Work instructions:
From the line with "Cinemagraph di fumo" through the line with "Elegant sage sheath", repeat the entries verbatim, both end lines included, and add nothing.

Records shown section start

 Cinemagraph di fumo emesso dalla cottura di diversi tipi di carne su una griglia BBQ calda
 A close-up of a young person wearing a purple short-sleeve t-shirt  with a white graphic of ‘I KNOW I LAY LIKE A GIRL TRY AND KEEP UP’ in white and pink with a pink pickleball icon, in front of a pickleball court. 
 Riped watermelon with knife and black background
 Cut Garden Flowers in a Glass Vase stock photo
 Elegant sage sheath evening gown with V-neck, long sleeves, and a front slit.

Records shown section end
Records shown section start

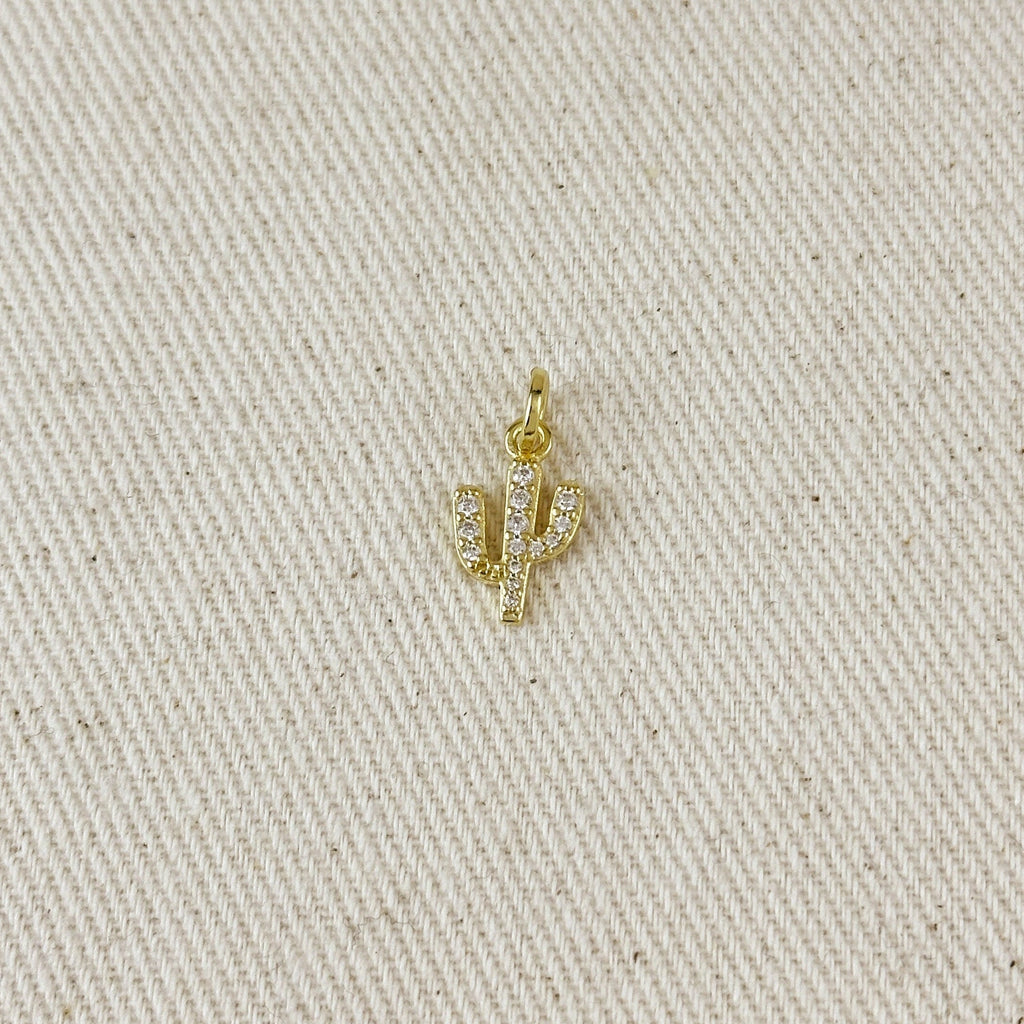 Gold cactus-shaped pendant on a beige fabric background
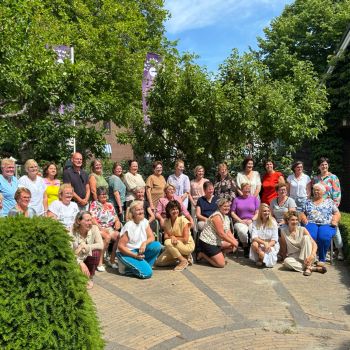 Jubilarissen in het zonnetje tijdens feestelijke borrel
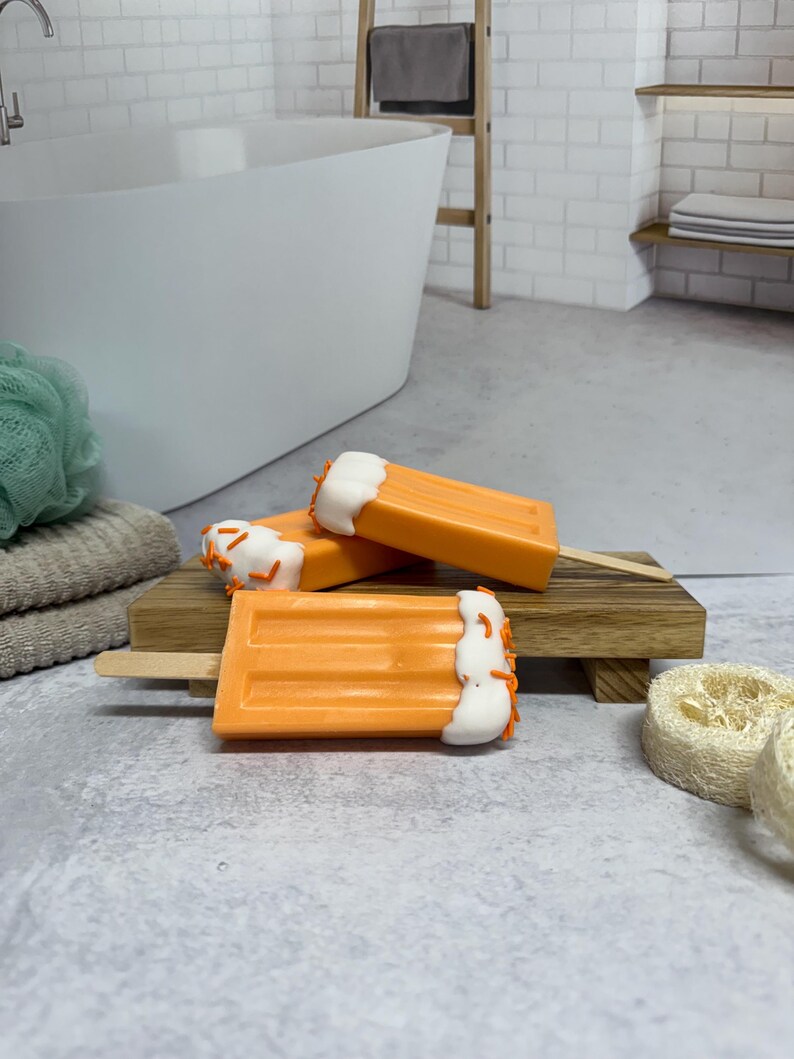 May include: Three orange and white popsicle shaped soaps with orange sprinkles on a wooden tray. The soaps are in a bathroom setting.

Records shown section end
Records shown section start

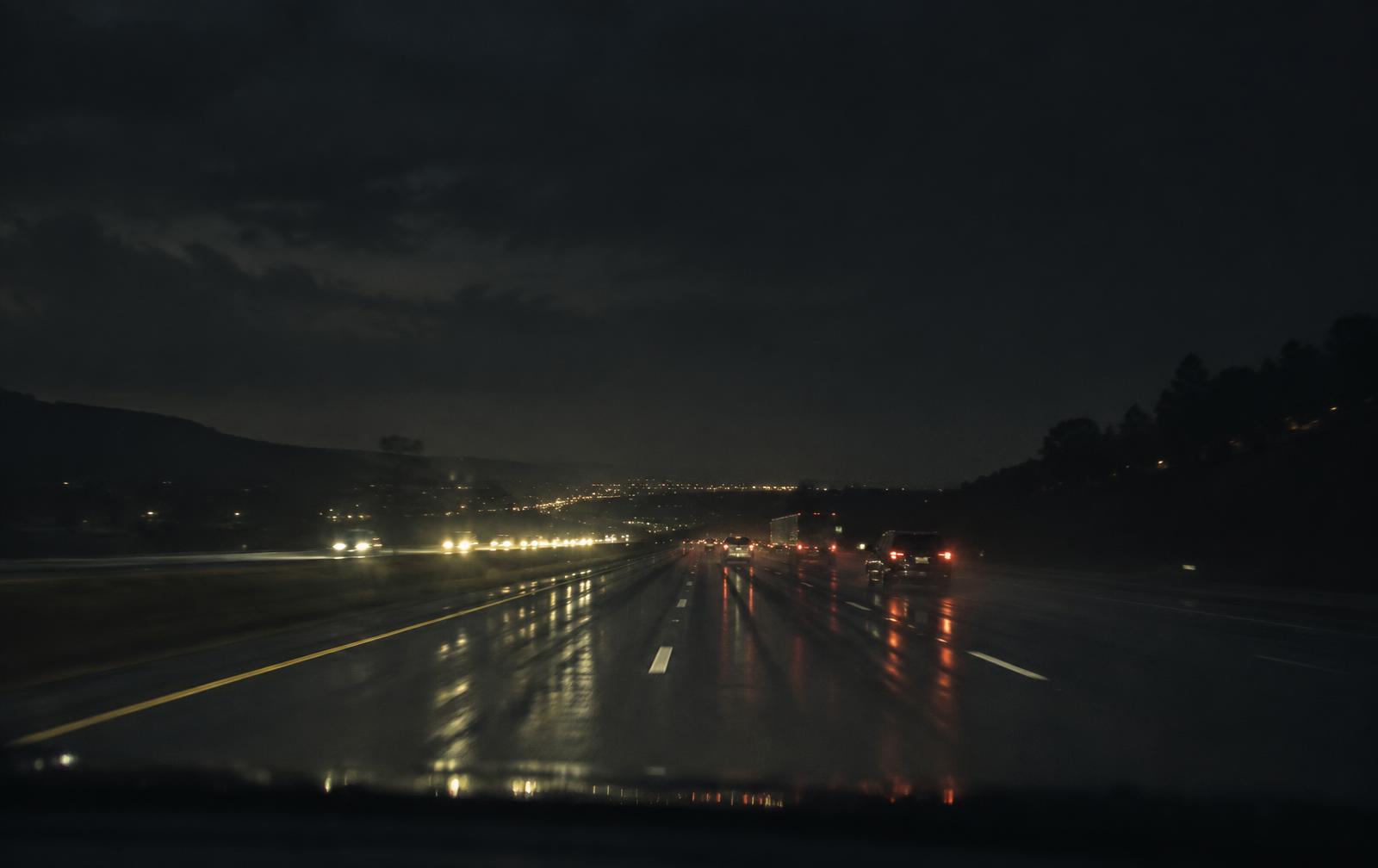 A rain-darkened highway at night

Records shown section end

Answer area:
 Cinemagraph di fumo emesso dalla cottura di diversi tipi di carne su una griglia BBQ calda
 A close-up of a young person wearing a purple short-sleeve t-shirt  with a white graphic of ‘I KNOW I LAY LIKE A GIRL TRY AND KEEP UP’ in white and pink with a pink pickleball icon, in front of a pickleball court. 
 Riped watermelon with knife and black background
 Cut Garden Flowers in a Glass Vase stock photo
 Elegant sage sheath evening gown with V-neck, long sleeves, and a front slit.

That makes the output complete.